=== Begin Enclosure ===
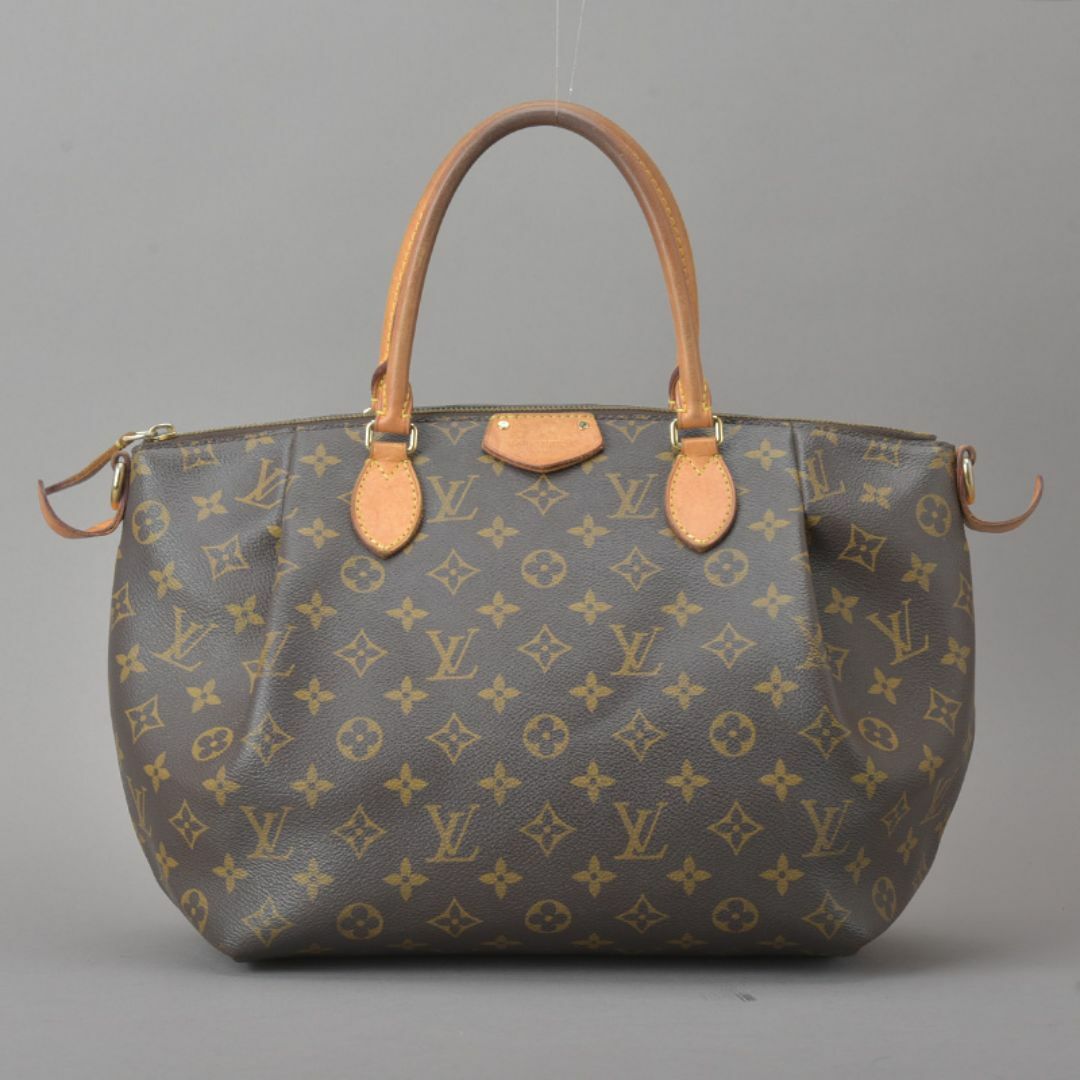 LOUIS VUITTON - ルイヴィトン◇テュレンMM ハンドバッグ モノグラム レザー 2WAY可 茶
=== End Enclosure ===
=== Begin Enclosure ===
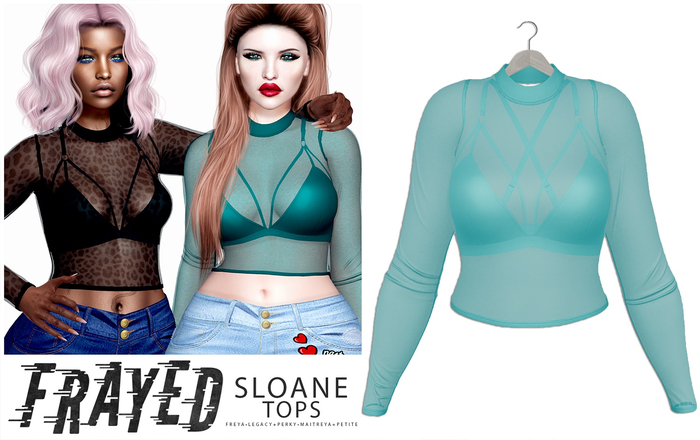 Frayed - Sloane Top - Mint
=== End Enclosure ===
=== Begin Enclosure ===
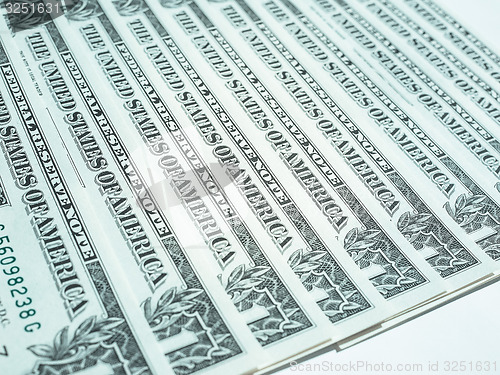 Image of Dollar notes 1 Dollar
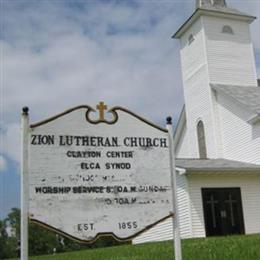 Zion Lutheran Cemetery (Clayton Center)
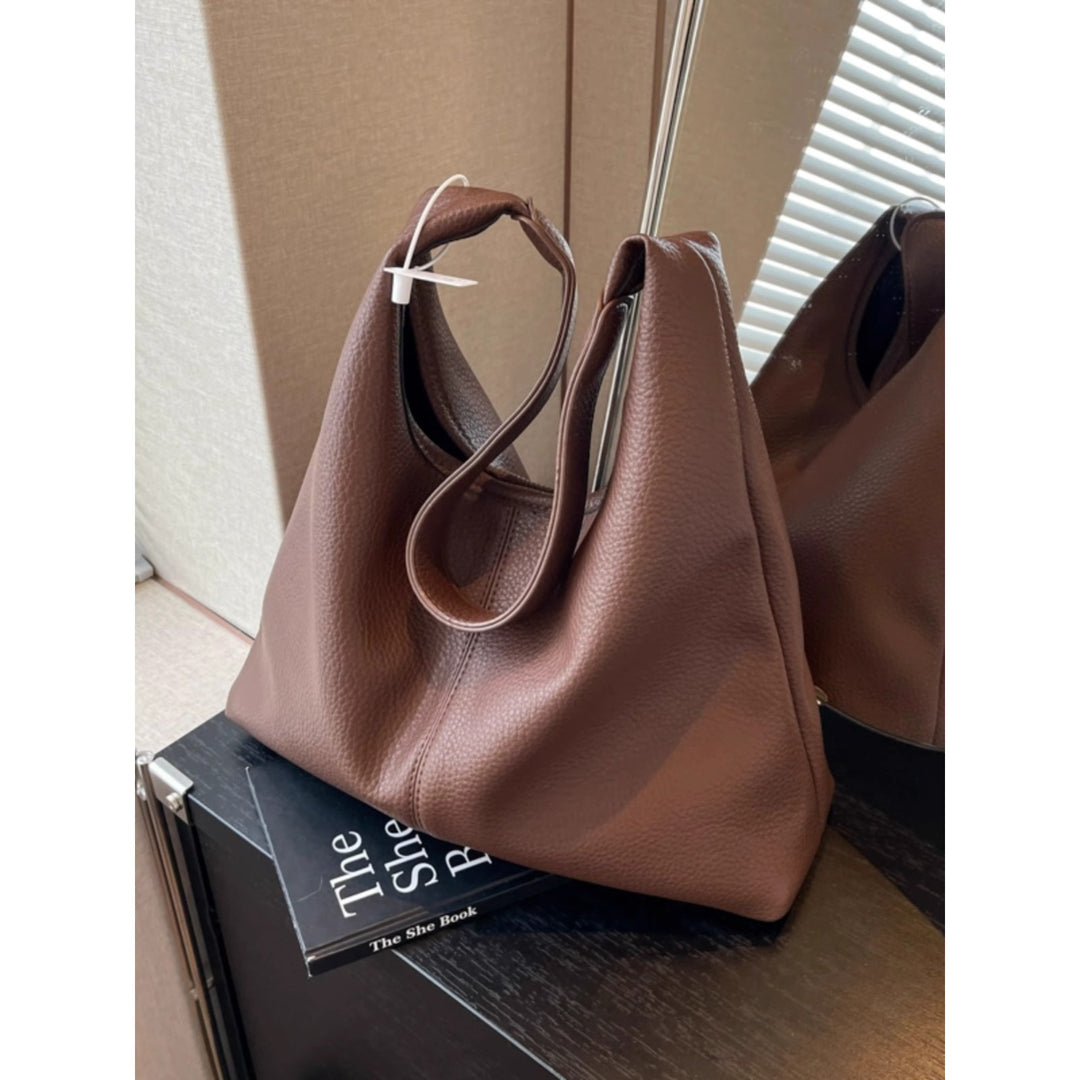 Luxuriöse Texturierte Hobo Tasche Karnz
=== End Enclosure ===
→ Task to complete
Among the entries above, locate the line with "Image of Dollar notes 1 Dollar" and the line with "Luxuriöse Texturierte Hobo Tasche Karnz". Give those two lines and all lines between them again, exactly, leaving out the pictures.

→ Written answer
 Image of Dollar notes 1 Dollar
 Zion Lutheran Cemetery (Clayton Center)
 Luxuriöse Texturierte Hobo Tasche Karnz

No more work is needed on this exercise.